Sampai saat ini pun tidak ada berita maupun informasi bahwa adanya pemegang IUP dikenai sanksi terkait operasional angkutan batu bara yang membawa hasil tambang perusahaannya ke Pelabuhan Talang Duku dikenai sanksi. Pimpinan Daerah Jambi juga harus membuat formulasi untuk mengatasi persoalan batu bara dengan tetap melakukan pengawasan secara intens sembari menunggu formulasi yang diharapkan dapat di implementasikan yang menjadi landasan untuk kenyamanan bersama.

Kedua, memberikan ruang untuk masyarakat untuk berperan dalam pengawasan operasional batu bara, karena sebagai subjek yang terkena dampak langsung oleh angkutan batu bara seperti membuat papan aduan di sekitar lintas angkutan, sehingga memudahkan masyarakat untuk menyampaikan informasi terkait operasional angkutan batu bara di luar waktu yang telah ditentukan.
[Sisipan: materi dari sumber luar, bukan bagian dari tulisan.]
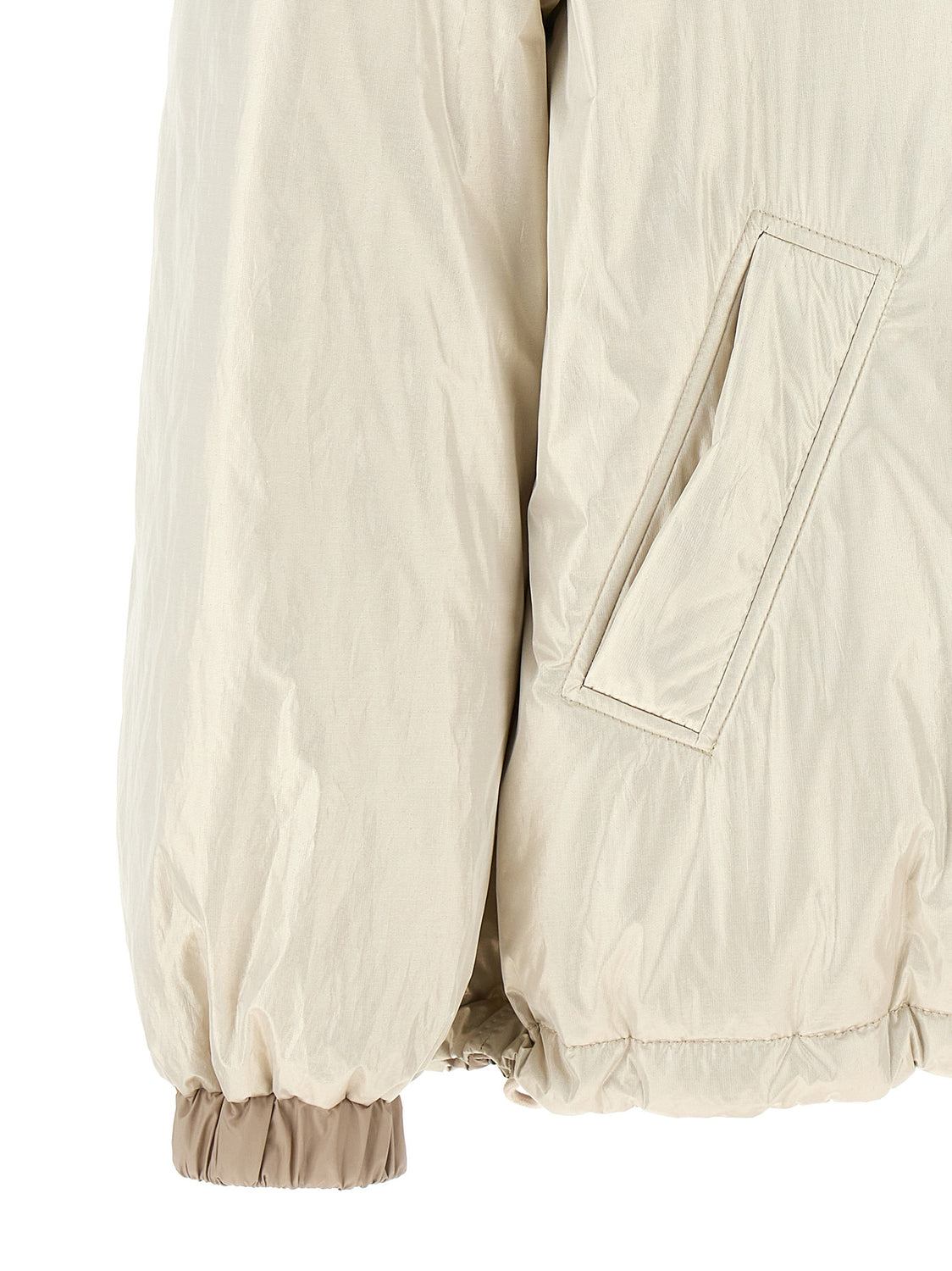 Beige Polyester Full-Length Jacket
Sampai saat ini pun papan adun tidak ditemukan dan terkadang ketika informasi terkini pun disebarkan masyarakat melalu media sosial Pimpinan Daerah beranggapan itu video atau foto yang sudah lama. Hal ini berdampak pada pola pandang masyarakat terhadap pemerintah Daerah yang sering menghindar dan terkesan tutup mata terhadap permasalahan yang ada.

Ketiga, solusi ini sebenarnya bertujuan agar pemerintah merasakan perasaan masyarakat yang setiap harinya harus dihadapkan dengan Pemegang IUP yang tidak menaati aturan Daerah, Sopir yang selalu mencari ruang agar bisa lolos di luar waktu Operasional, dan Masyarakat yang menerima hantaman debu dan gumpalan asap hitam dari angkutan batu bara yakni memindahkan pemukiman Rumah Dinas Pimpinan Daerah di dekat jalan di wilayah Kecamatan Jaluko. Paling tidak, apabila pemerintah tidak dapat merasakan apa yang masyarakat rasakan setiap hari, setidaknya pemerintah dapat melihat apa angkutan batu bara itu setiap hari dipandangnya.
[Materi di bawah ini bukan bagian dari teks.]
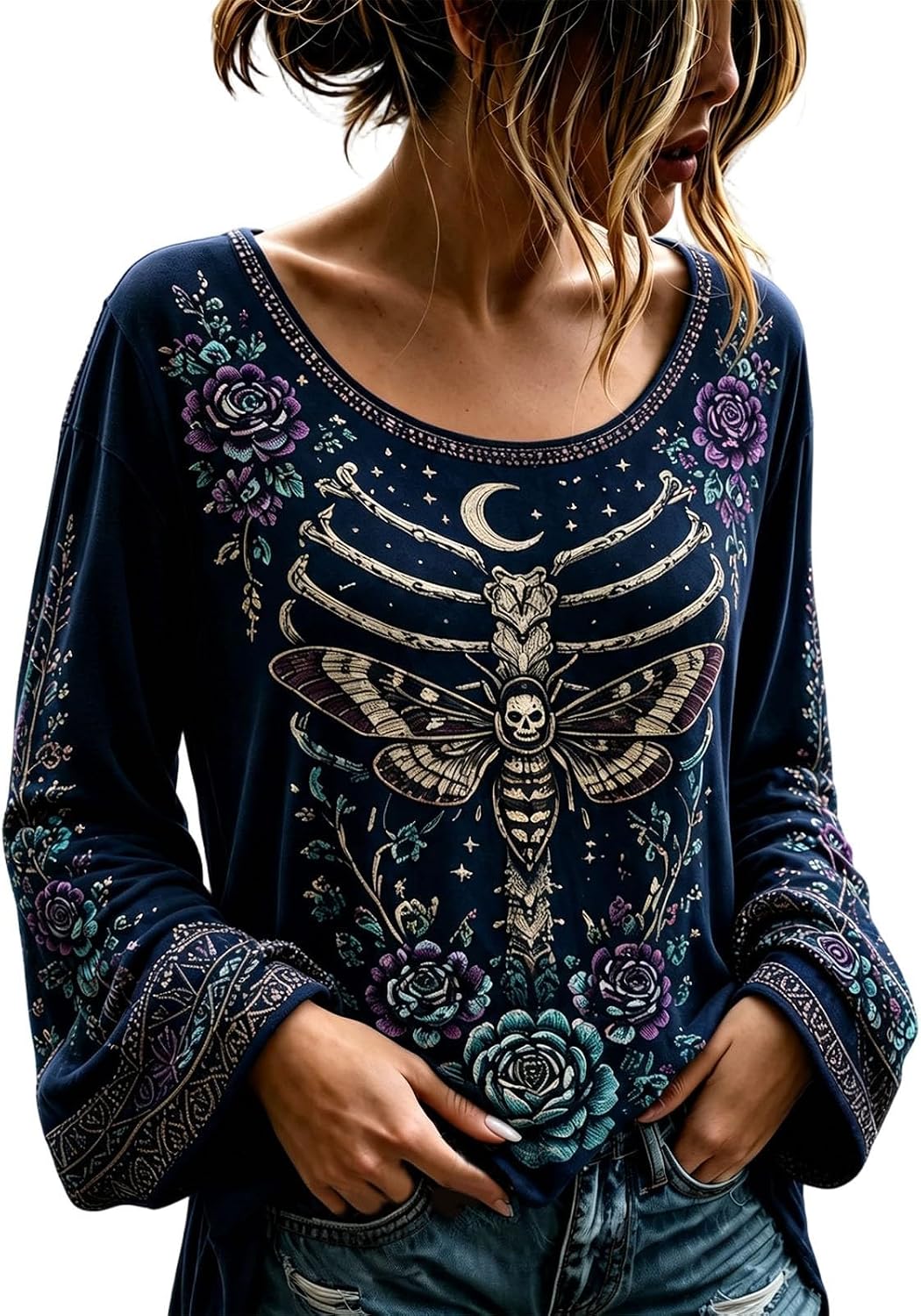 Women's Gothic Floral Skeleton Bell Sleeve Top - Midnight Navy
Kesimpulannya adalah konsisten dan komitmen seluruh elemen terkait persoalan angkutan batu bara seharusnya dapat dipertahankan dan dijalankan. Karena semua persoalan akan dapat di atas jika diselesaikan secara konsisten dan komitmen. Tahap-tahapan seperti langkah membuat formulasi kebijakan, tahap implementasi, sampai tahap evaluasi, mestinya melibatkan masyarakat yang terkena dampak langsung dan melibatkan masyarakat dalam fungsi pengawasan, sehingga persoalan operasional angkutan batu bara dapat diselesaikan dengan tidak menimbulkan kerugian kepada pihak mana pun.